Following the initial broadcast on July 15, 1975, Cordell was informed by Gabriella Gray of alleged inaccuracies in the broadcast. Cordell states he offered to send a reporter to meet with her. Gray denies this.

WALA-TV made further attempts to gather additional information after the July 15th broadcast. A reporter was assigned to the story and various officials at City Hall were contacted.

On July 22, 1975, Cordell received a letter from Gray's attorney which informed him that the information being broadcast was in error and on July 25, Commissioner Greenough issued a statement concerning this story which was not in accord with defendants' story. WALA-TV continued with its version of the story. In total, WALA-TV aired this story over forty times during an eleven month period.

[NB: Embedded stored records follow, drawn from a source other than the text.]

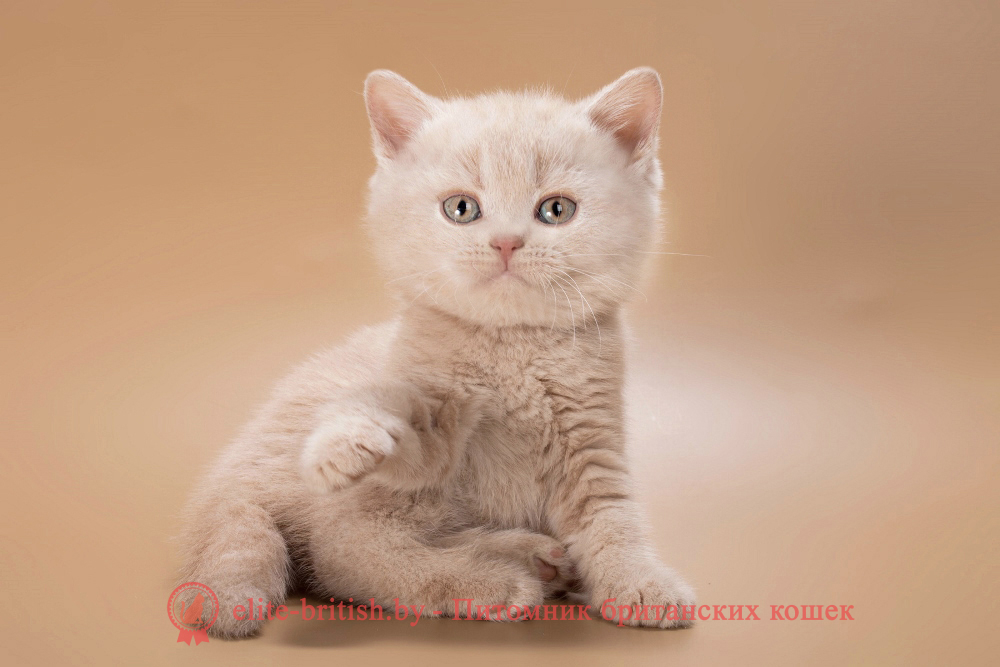 Британский котенок кремового окраса, мальчик Ronny (Ронни), помет от 4.05.2026 бежевые британцы, бежевый британец фото, кошки британские бежевые, бежевые британские коты, британские котята кремовые фото, британские кремовые коты фото, кремовый британец фото, британские котята кремового окраса фото, британец персикового цвета фото, британские котята персиковые фото, британские персиковые котята, британец персиковый, британец персиковый фото, британцы персикового окраса, британские котята кремового окраса, кремовый окрас британских кошек, британцы кремового окраса, британский кот кремового окраса, британская кошка кремовый окрас фото, британские котята кремового окраса фото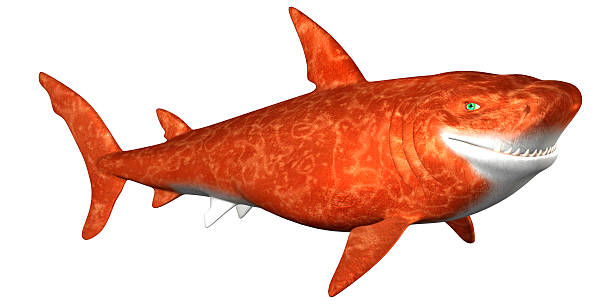 istock Illustration of an orange shark 500703565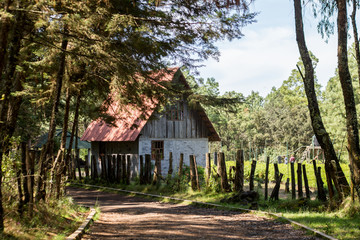 Bosque Michoacan 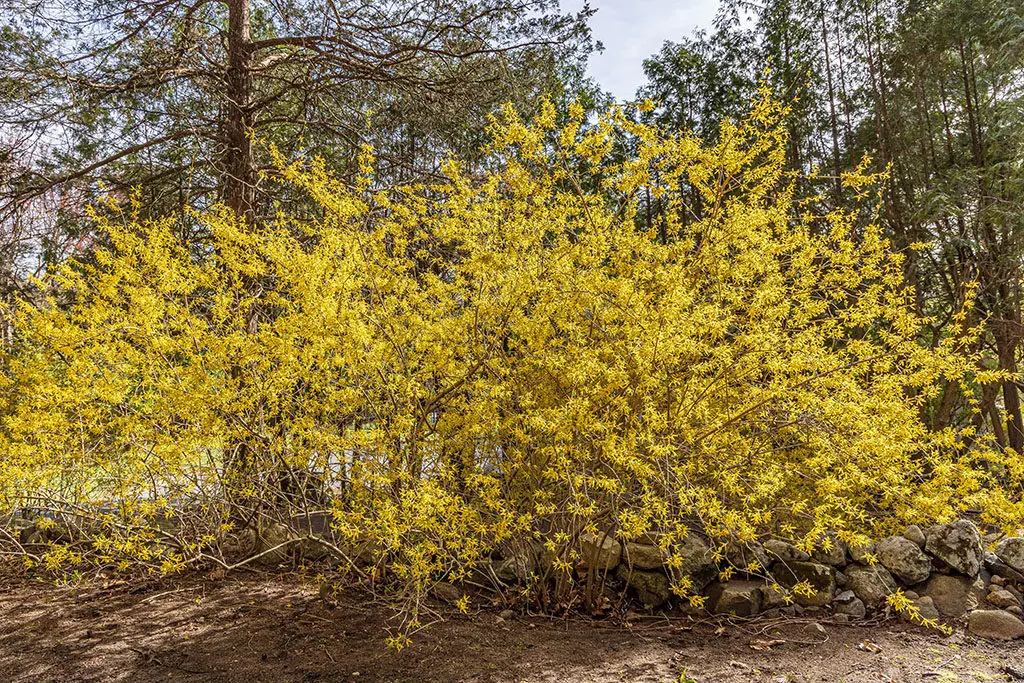 Biljne vrste 2 - Copy | Moje Dvorište Forsythia | Moje Dvorište
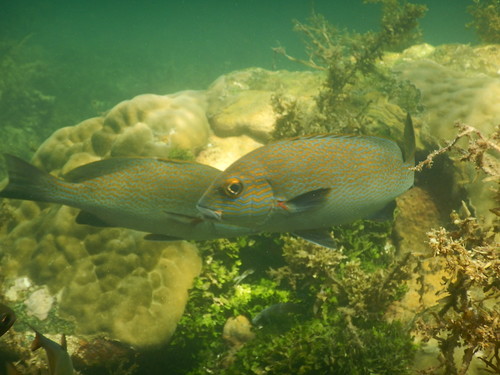 Goldspotted Sweetlips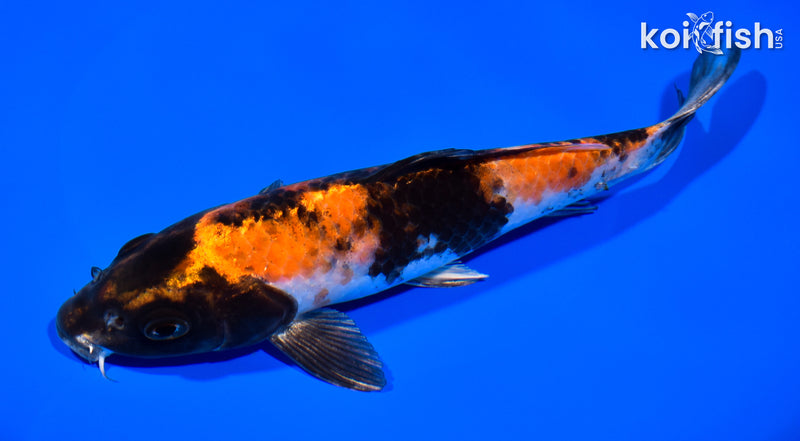 7.75" KIN HI SHOWA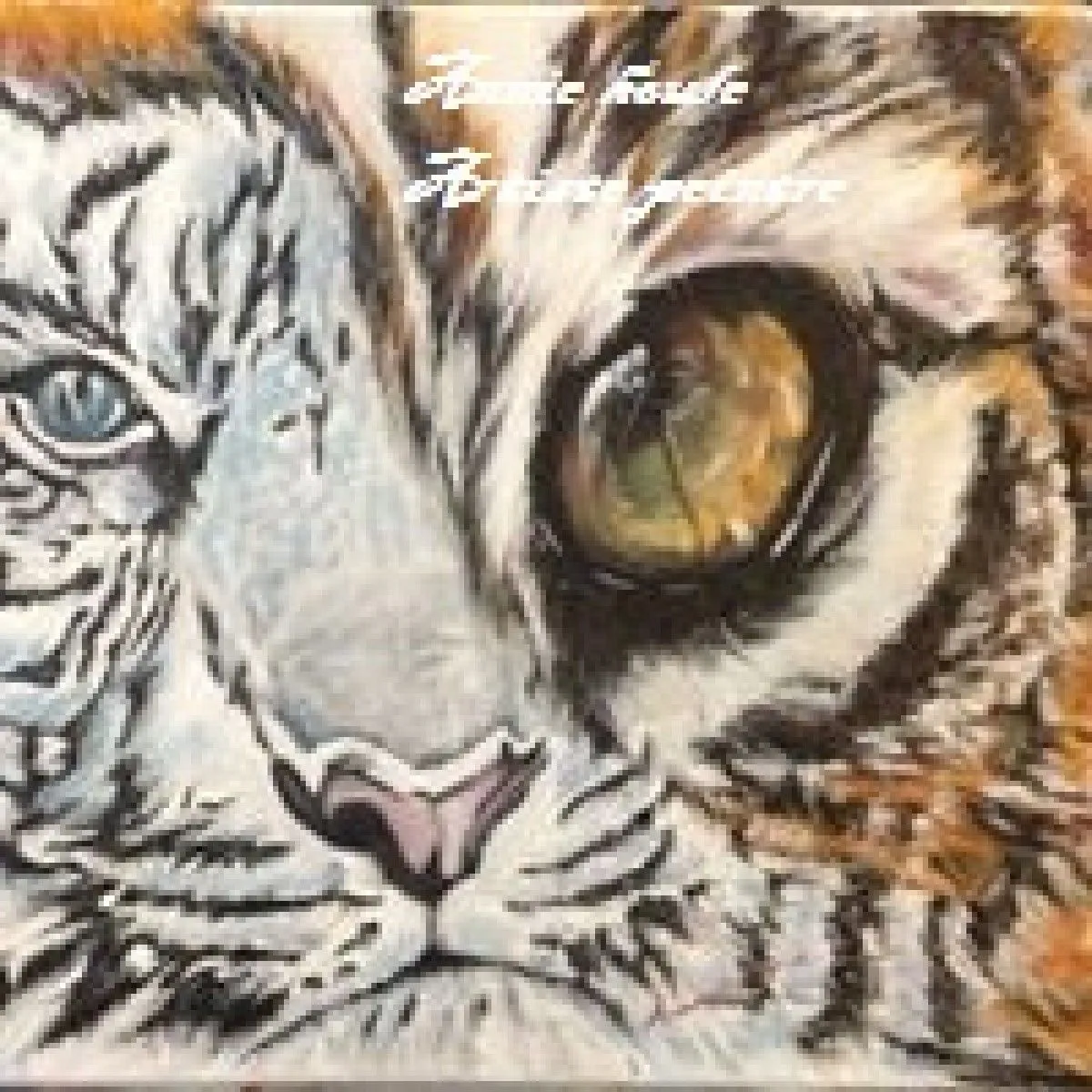 Dans l'oeil du tigre, œuvre de Annie RAX Houle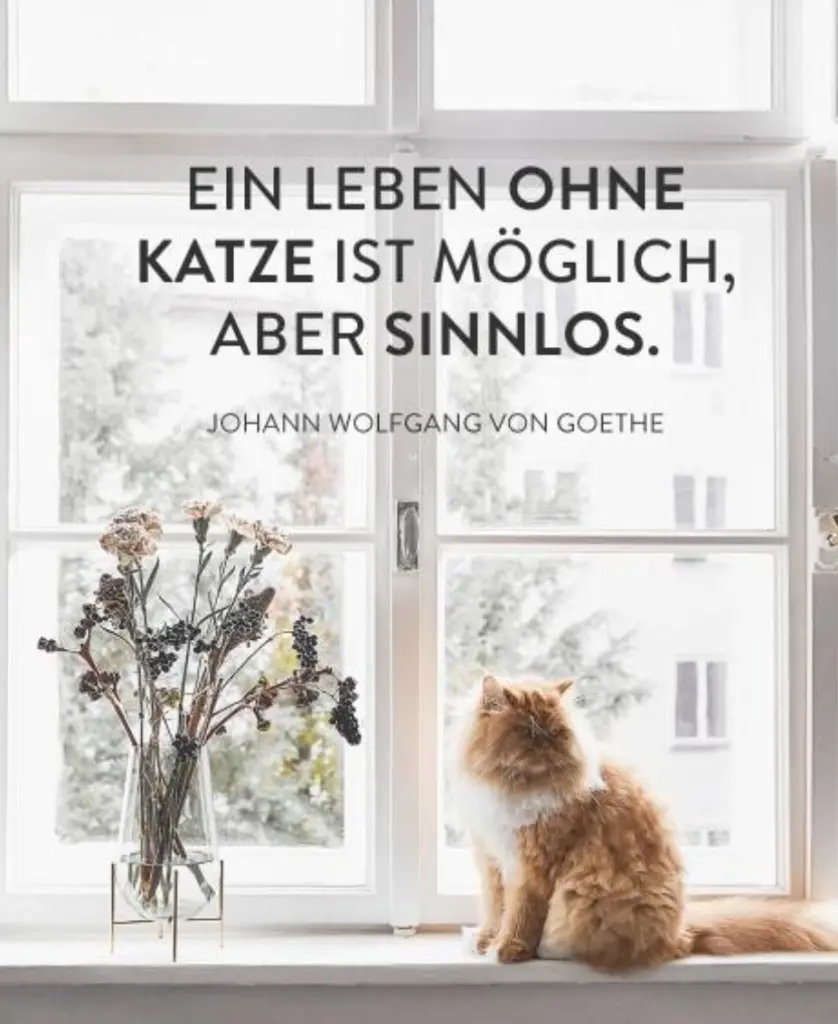 Condolence image of Daniela  mit Paulinchen im ❤️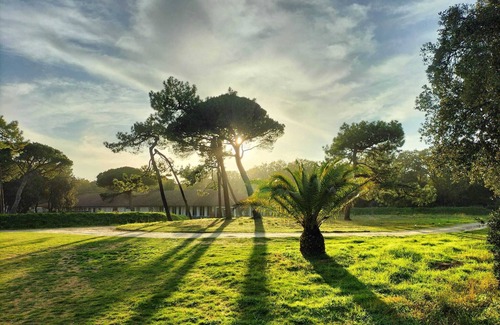 Saint-Pierre-d'Oleron Apartment | Les Salines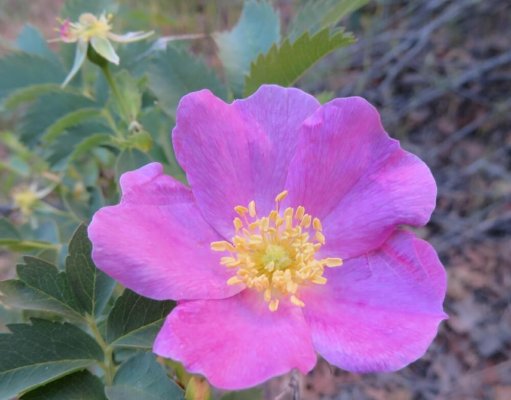 Negro Bill Trail Desert Rose.jpg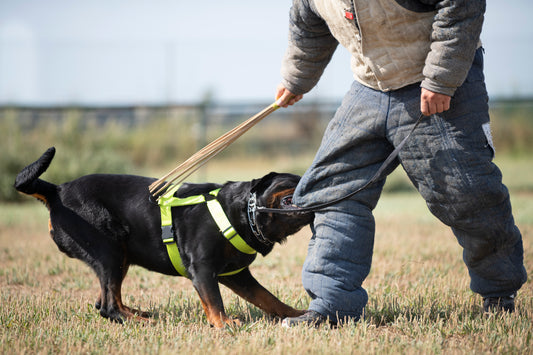 How To Get Odor Out of Working Dog Training Suits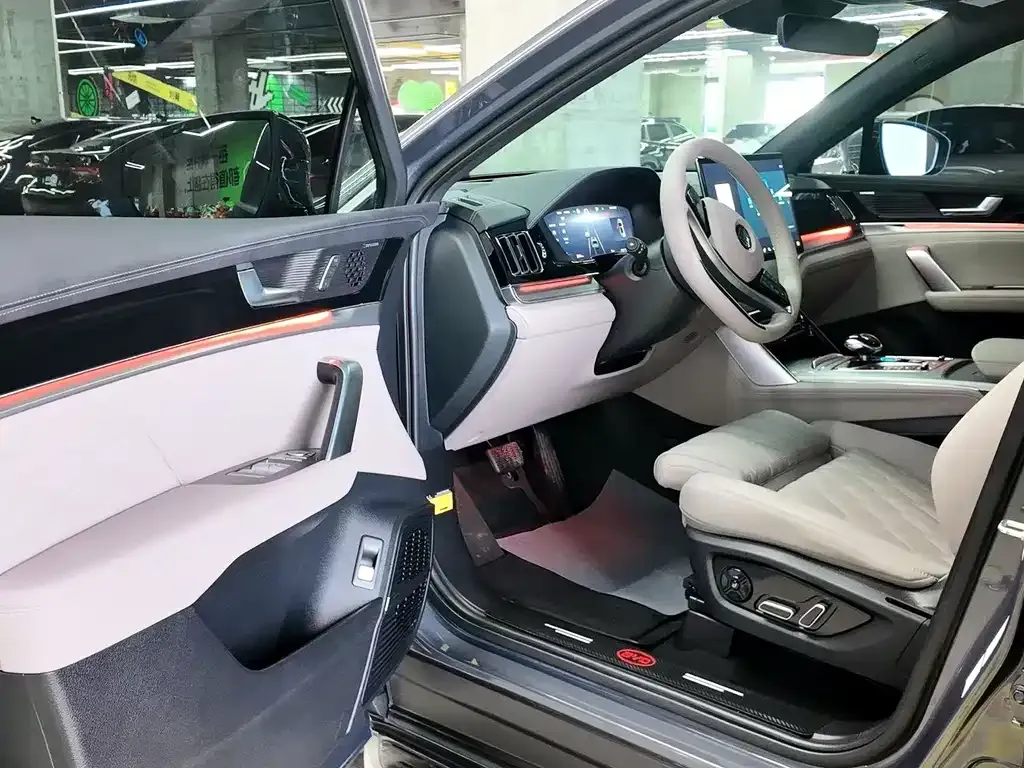 BYD Tang New Energy 2024 из CN, фото 10
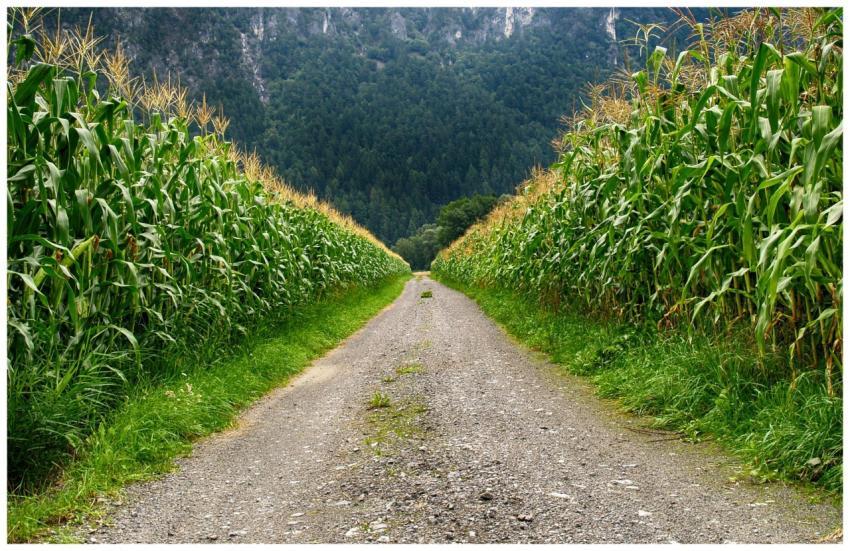 A serene cornfield path in Schwambach, Austria, wi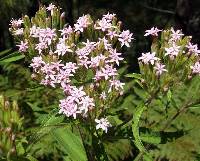 Stevia plummerae image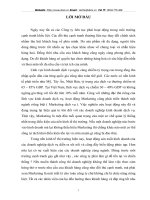 Đẩy mạnh hoạt động Marketing dịch vụ và một số giải pháp nhằm nâng cao hiệu quả Marketing trong kinh doanh dịch vụ tại công ty V.M.I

In viewing the above facts in a light most favorable to the plaintiffs we find no error in the trial court's denial of defendants' motion for summary judgment. Whether the defendant entertained serious doubts as to the truth of these broadcasts is a question peculiarly suited for a jury determination. American Benefit Life Ins. Co. v. McIntyre, 375 So. 2d 239 (Ala.1979); Loveless v. Graddick, 295 Ala. 142, 325 So. 2d 137 (1975).

We are of the opinion that the trial court was correct in denying the defendants' motion for summary judgment, but erroneously granted the motion to dismiss. Thus, we affirm the summary judgment order and reverse the motion to dismiss order.


TORBERT, C. J., and FAULKNER, JONES[1] and EMBRY, JJ., concur.


[1] Justice Jones, sitting for Justice Bloodworth, has listened to the tape recording of oral argument.